The Director of California's Department of Finance published a letter on July 31, stating that the minimum wage needed to rise by 3.5 percent to account for an inflation adjustment effective the beginning of next year. What are the five things employers need to know about this impending change – and what can you expect in the coming months?

California law mandates that the minimum wage be increased when certain inflation-related events occur. Specifically, California Labor Code section 1182.12 delegates authority to the Director of Finance to annually determine and certify to the governor and state legislature whether an adjustment to the minimum wage is appropriate.

This year, the Department of Finance calculated that the Consumer Price Index for urban wage earners and clerical workers increased by more than 6 percent from July 1, 2022, to June 30, 2023, as compared to the previous 12-month period. Thus, the agency determined that a minimum wage increase of 3.5 percent must be implemented.

The current minimum wage rate for all employers (including both employers with 25 or fewer employees and those with 26 or more employees) is $15.50. As a result of this inflation-related minimum wage increase, the minimum wage rate for all employers with California employees will increase from $15.50 to $16.

5 Things You Need to Know

The minimum wage increase not only impacts those workers who make minimum wage.

The California white collar exemption minimum annual salary will increase to $66,560 per year, or $5,546.57 per month. You will need to audit employees classified under one of these exemptions to determine whether both the duties and salary satisfy the exemption's requirements.

The California minimum wage for employees who are required to provide and maintain hand tools and equipment customarily required by the trade or craft will increase from $31 per hour to $32 per hour. This will impact employees in various trades to technicians in automobile dealerships who are required to provide their own tools.
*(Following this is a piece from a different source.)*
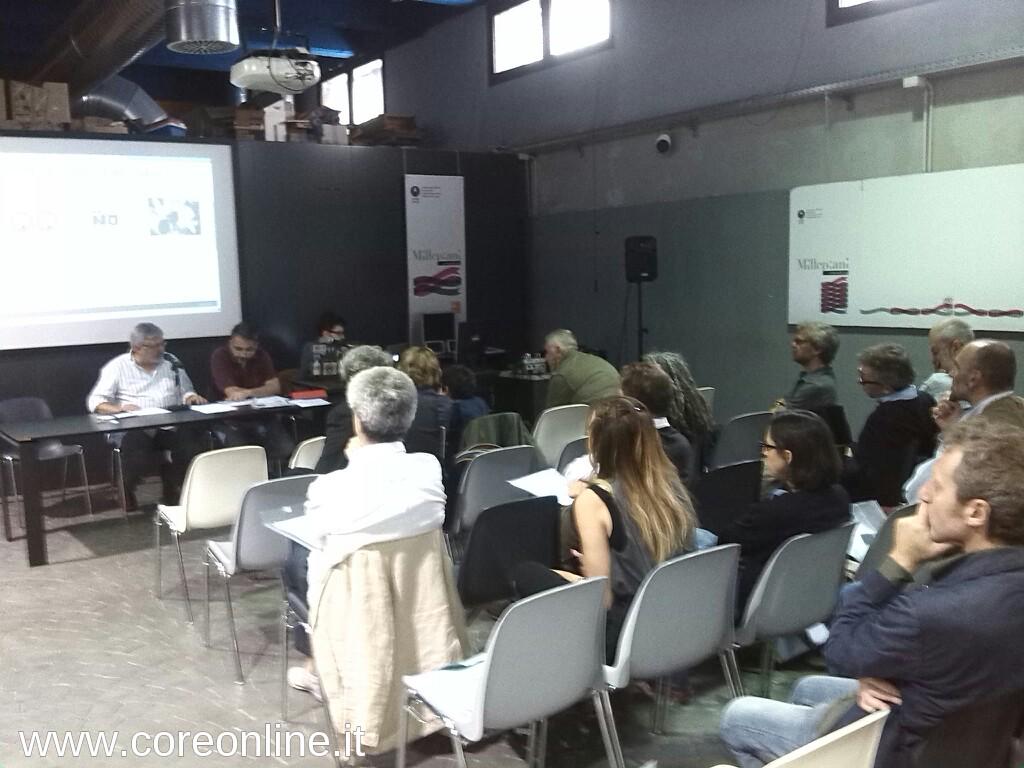 Core online tweet media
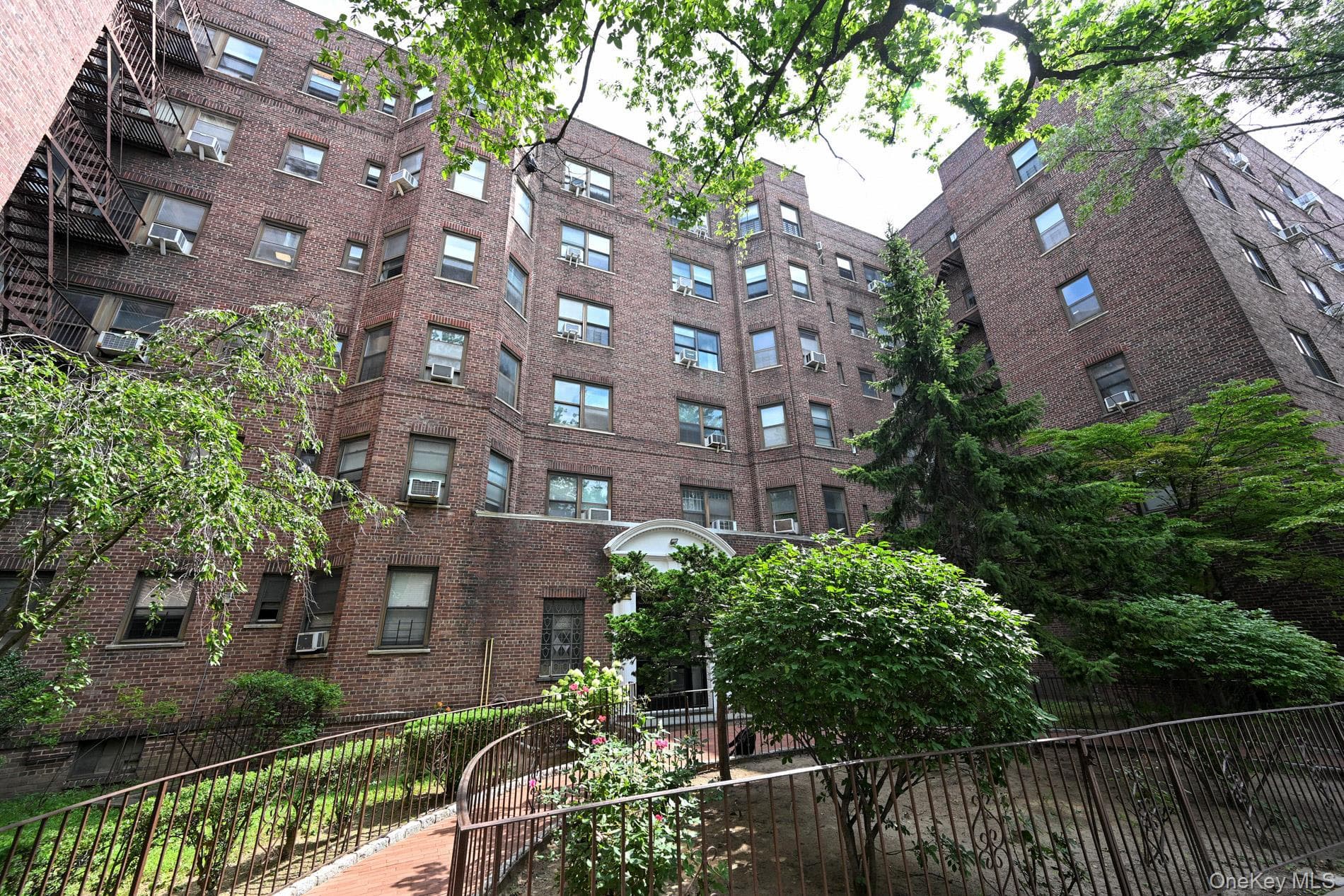 61-41 Saunders Street Unit: B25, Rego Park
The minimum annual compensation for employees who qualify for the inside sales exemption from overtime will increase from $48,360 to $49,920.

You will need to adjust your split-shift premium calculations since they will be impacted by the increased minimum wage. The same is true for rates of pay for meal period premiums, rest period premiums, paid sick leave, and other related items.

Small businesses are provided no relief or grace period under the law. This change will impact all employers across the state.

What’s Next

Over the coming months, you should pay attention to updates related to this increase since you are likely to see other ramifications to follow:

  • You should expect an announcement in October 2023 that increases the minimum compensation for the computer professional exemption from overtime.
  • You must also continue to monitor a series of local ordinances that establish minimum wages, higher than the state's minimum wage. For example, the minimum wage in Los Angeles increased last month to $16.78 per hour.